I am trying to go through a file and keep a consecutive group of 4 rows out of each consecutive group of 40 rows.

So in the whole file, I would keep rows 1-4, 41-44, 81-84, etc.
I tried using sed, but I am really only able to remove specific rows, not do a pattern like this.

Many thanks...

Answer 1

simple but do what is asked (thks to @Jotne for remark based on seq test)

sed -n 'N;N;N;p;N;N;N;N;N;N;N;N;N;N;N;N;N;N;N;N;N;N;N;N;N;N;N;N;N;N;N;N;N;N;N;N;N;N;N;N' YourFile

just for fun

sed -n '
x    
s/^$/ppppfffffffffffffffffffffffffffffffffff/
s/^p//
t keep
s/^f//
x
b
:keep
x
p' YourFile

there is another more traditionnal way by using only d, p and N but not funny at all :-). I use a kind of template counter that print and forget lines (the ppppfffffffffffffffffffffffffffffffffff) keep in hold buffer

Answer 2

This might work for you (GNU sed):

sed -n '1~40,+3p' file

Use a 40 line step starting at line 1 and range it over 4 lines.

Answer 3

This awk should do:

awk 'NR%40==1 || NR%40==2 || NR%40==3 || NR%40==4' file

A loop version:

awk '{for (i=1;i<5;i++) if (NR%40==i) print $0}' file

Found this should work after I tested various solution:

awk 'NR%40~/^[1-4]$/' file

---

test

seq 1 100 > file

awk 'NR%40~/^[1-4]$/' file
1
2
3
4
41
42
43
44
81
82
83
84

Answer 4

You might be better off with awk. This is not the most concise solution, but should get you what you want.
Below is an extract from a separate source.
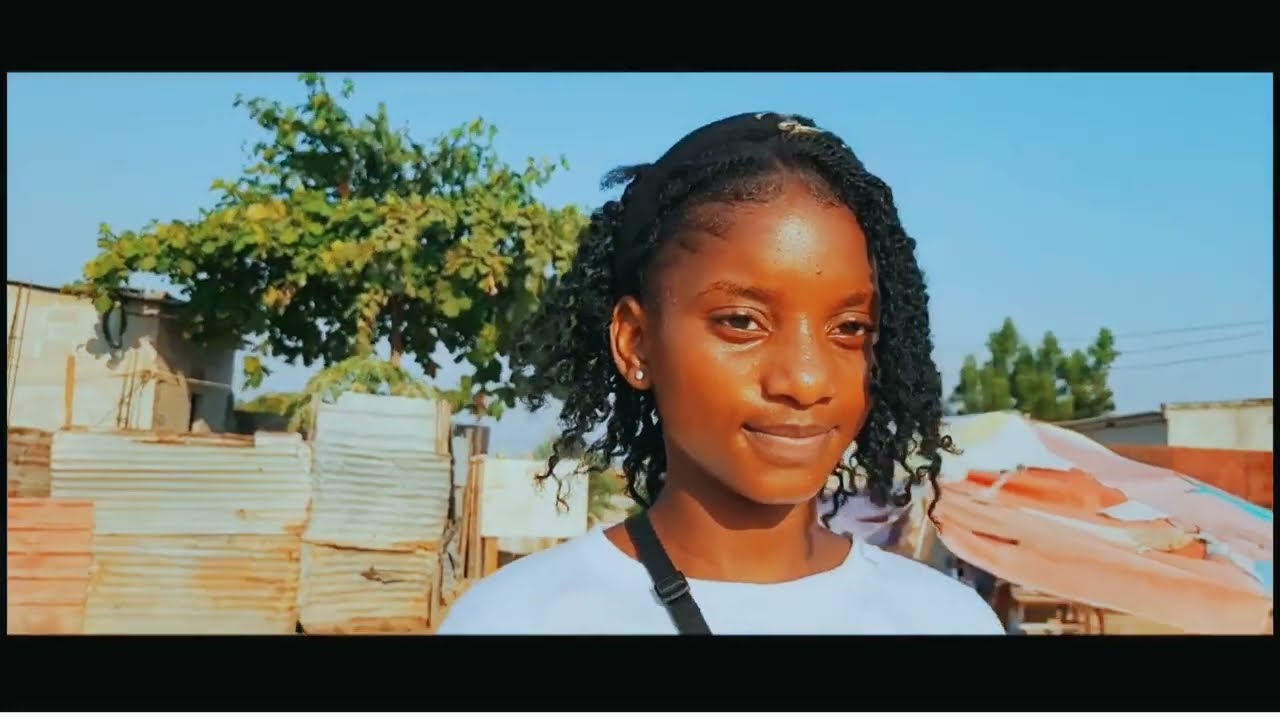 O gueto venceu _Made Luck _Official Videoclipe (Últra HD)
The variable NR represents the row number.

 awk '(NR - 1) % 40 ==0 || (NR - 2) % 40 ==0 || (NR - 3) % 40 ==0 || (NR - 4) % 40 ==0 ' Input.txt

I tested this like this:

 seq 1 50 > /tmp/Input.txt
 awk '(NR - 1) % 40 ==0 || (NR - 2) % 40 ==0 || (NR - 3) % 40 ==0 || (NR - 4) % 40 ==0 ' /tmp/Input.txt

If you want to modify the original file, then output it to a temporary file and move it back.

awk '(NR - 1) % 40 ==0 || (NR - 2) % 40 ==0 || (NR - 3) % 40 ==0 || (NR - 4) % 40 ==0 ' Input.txt > /tmp/TempOutput
mv /tmp/TempOutput Input.txt